The victim’s grandson told The Atlanta Journal-Constitution about the phone call he received.

“Somebody gave me a call and said, ‘Was it true?’ I asked, ‘What is true?’ ” Chris Duke said. “They said, ‘Did somebody go in [her] house and kill her?’”

Chris Duke and other relatives identified the victim as his grandmother Florene Duke.

“Why would someone do this to my grandmama? I didn’t believe it, because my grandmama wouldn’t hurt a fly,” he said.

The woman was found in her Countryside Manor apartment on Selman Drive around 6 p.m., Douglasville police Chief Chris Womack told The AJC.

Womack said she was last seen alive around 9 a.m. Monday.

Chris Duke said his sister had been trying to reach their grandmother by phone earlier in the day, and she later found her body.

Investigators have not yet determined how Florene Duke was killed or a motive, Womack said, but some items appeared to have been removed from the apartment.

“The family member went through there and said they saw a couple of TVs missing,” Womack said.

Officers were canvassing the area and interviewing others in the complex, located about a half-mile from Douglas County High School.

No suspects had been identified, Womack said.

“We’ve had a few homicides this year. It’s been a rough year for Douglasville and Douglas County,” Womack said. “[But] we’ve been able to close them out.

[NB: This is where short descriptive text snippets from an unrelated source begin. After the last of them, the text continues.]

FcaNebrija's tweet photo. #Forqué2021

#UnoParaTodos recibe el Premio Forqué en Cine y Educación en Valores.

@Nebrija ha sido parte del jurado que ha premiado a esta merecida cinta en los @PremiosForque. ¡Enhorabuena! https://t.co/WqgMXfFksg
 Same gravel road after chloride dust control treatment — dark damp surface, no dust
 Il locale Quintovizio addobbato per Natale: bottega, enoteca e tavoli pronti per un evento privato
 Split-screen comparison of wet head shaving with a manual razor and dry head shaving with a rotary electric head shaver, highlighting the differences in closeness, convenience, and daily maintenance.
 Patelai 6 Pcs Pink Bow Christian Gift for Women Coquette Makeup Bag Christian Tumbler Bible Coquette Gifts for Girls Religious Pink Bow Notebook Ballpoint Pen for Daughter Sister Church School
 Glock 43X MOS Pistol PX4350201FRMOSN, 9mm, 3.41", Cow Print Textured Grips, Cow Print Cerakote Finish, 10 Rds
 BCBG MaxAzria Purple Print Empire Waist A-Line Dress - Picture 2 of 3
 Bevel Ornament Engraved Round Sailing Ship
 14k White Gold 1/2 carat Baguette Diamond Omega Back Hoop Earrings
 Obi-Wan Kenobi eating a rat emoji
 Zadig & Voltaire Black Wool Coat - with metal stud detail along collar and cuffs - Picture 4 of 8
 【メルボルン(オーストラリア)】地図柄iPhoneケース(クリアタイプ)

“Right now, we don’t have a whole lot that we’re going on,” he added. “We’ve had a couple [of officers] canvass the area. We’ve had a couple possible vehicles that we’re starting to look at hard that may not have should have been here or had no explanation as to why they were here.”

Womack said detectives from his department as well as the Douglas County Sheriff’s Office are working together to determine who may have harmed a woman considered friendly by many.

“From everyone we’ve talked to, from neighbors and family, [she] was like everybody’s granny, that always took care of everybody, that would let people come in and stay with her if they didn’t have a place to stay, so it’s just senseless,” he said. “We want to jump on this fast and hard, and bring somebody to justice for this.

“This is pitiful, terrible.”

Chris Duke said his grandmother had lived in the apartment complex for about five years. She was someone who would walk her little dog twice a day and spend time sitting on the couch to watch TV.

He said she was known as someone who would help anybody, and someone she may have wanted to help may have been the one who killed her.

“She was just a kind woman,” he said. “She would open her door to anyone.”

He hopes that authorities find whoever is responsible for his grandmother’s death.

“They need to be off the street, whoever did it,” he said.